Recorded data:

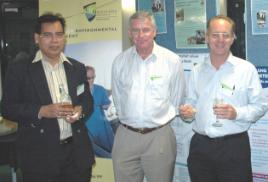 PhotoID:9999, LINK for a larger image. Professor Gopinath Chattopadhyay, Peter Roe, Dr John Rolfe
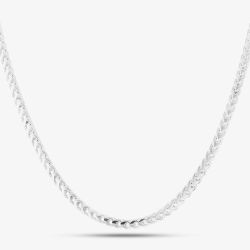 Sterling Silver 18 Inch Square Foxtail Chain SOFV-310-AG-18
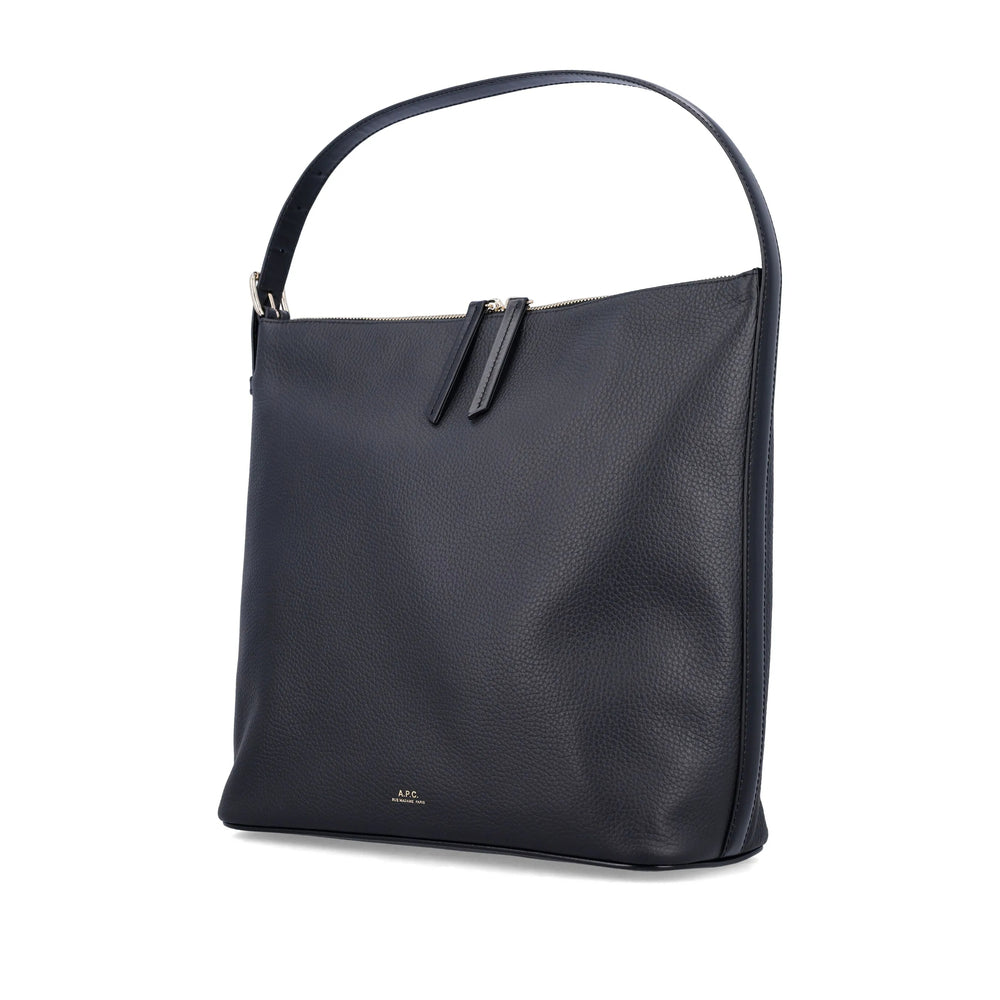 A.P.C. Black Shoulder Bags Men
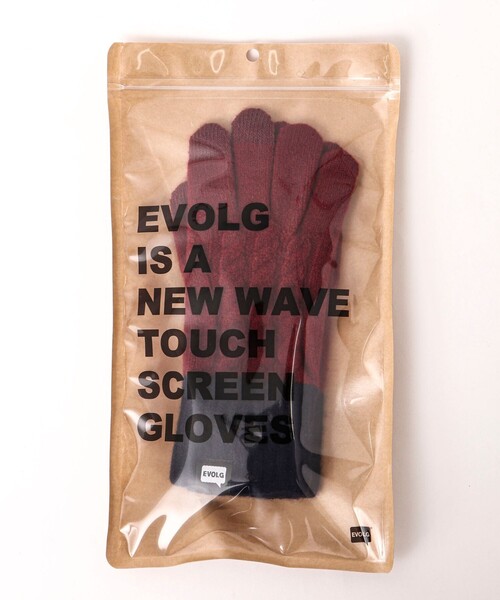 EVOLG(エヴォログ)の「【EVOLG/エヴォログ】MINOS ニットグローブ LET2517(手袋・メンズ・ブラック/ネイビー/レッド/ライトグレー・FREE)」の13枚目の写真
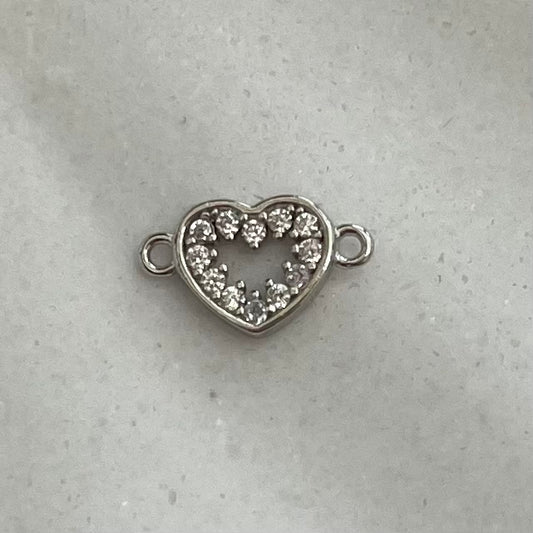 Heart Connector • Cubic Zirconia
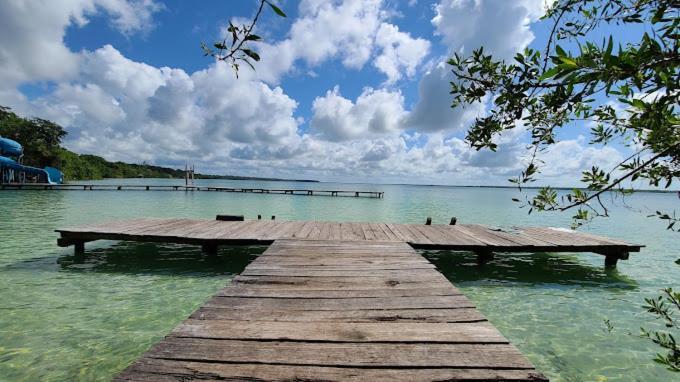 Villa Con Jacuzzi En Bacalar Buenavista  Exterior photo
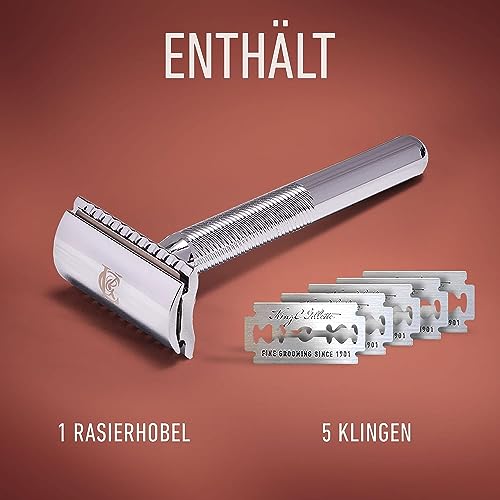King C. Gillette Rasierhobel Herren, Rasierer
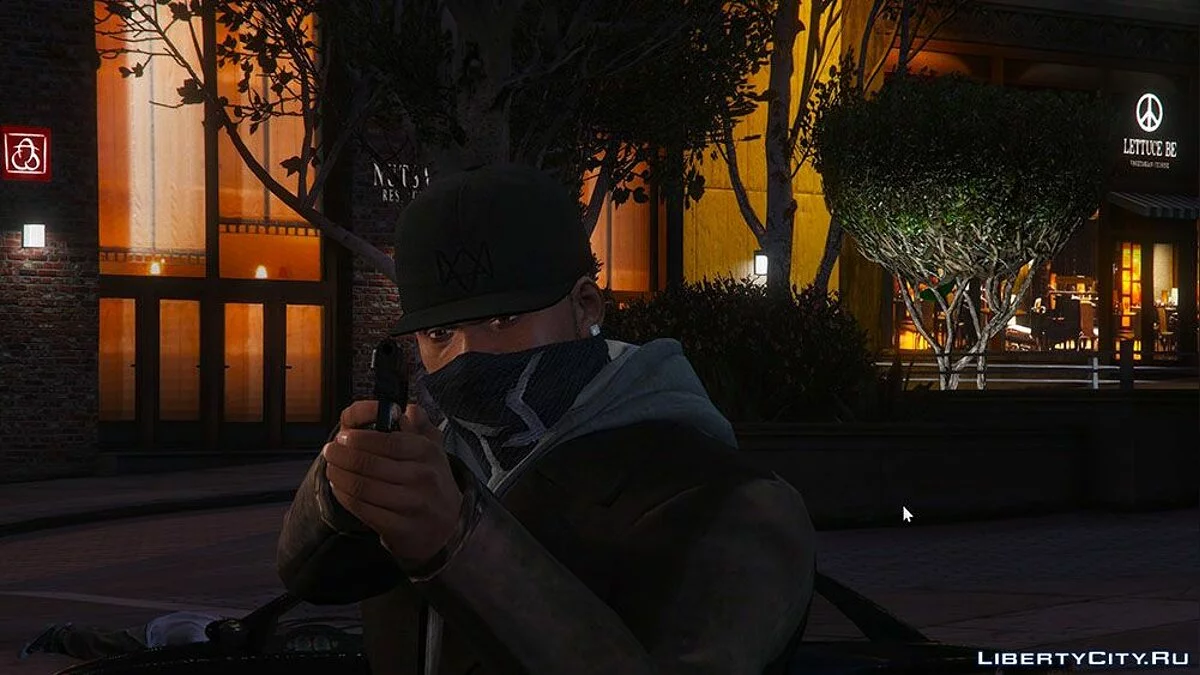 Одяг Ейдена Пірса з гри Watch Dogs / GTA 5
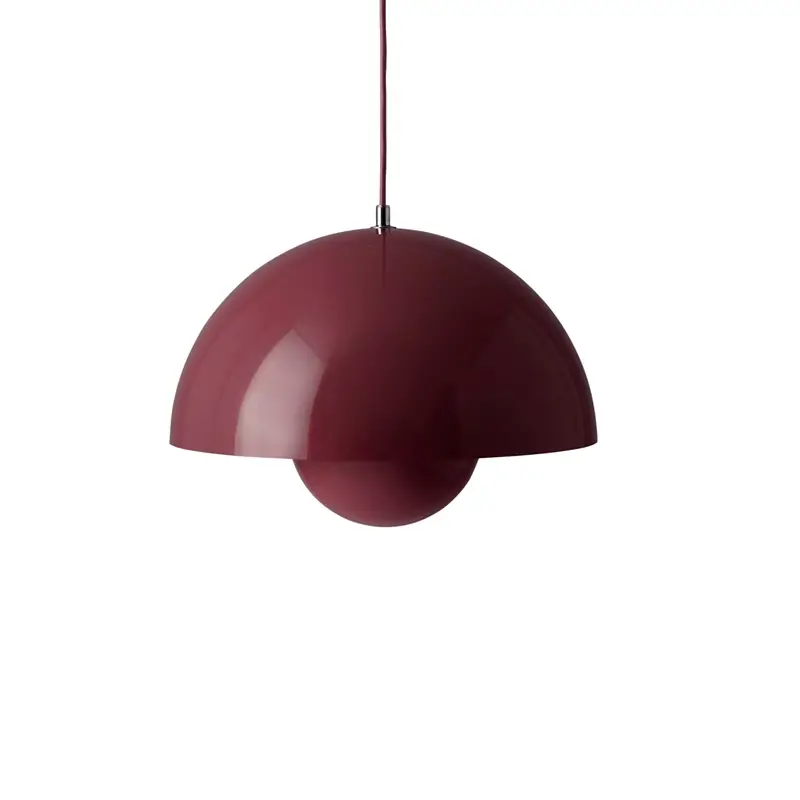 Pendant Light FLOWERPOT VP7 Dark plumAND TRADITION Soldes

What needs to be done: Reproduce the listing verbatim, pictures excluded.

Task solution:
 PhotoID:9999, LINK for a larger image. Professor Gopinath Chattopadhyay, Peter Roe, Dr John Rolfe
 Sterling Silver 18 Inch Square Foxtail Chain SOFV-310-AG-18
 A.P.C. Black Shoulder Bags Men
 EVOLG(エヴォログ)の「【EVOLG/エヴォログ】MINOS ニットグローブ LET2517(手袋・メンズ・ブラック/ネイビー/レッド/ライトグレー・FREE)」の13枚目の写真
 Heart Connector • Cubic Zirconia
 Villa Con Jacuzzi En Bacalar Buenavista  Exterior photo
King C. Gillette Rasierhobel Herren, Rasierer
 Одяг Ейдена Пірса з гри Watch Dogs / GTA 5
 Pendant Light FLOWERPOT VP7 Dark plumAND TRADITION Soldes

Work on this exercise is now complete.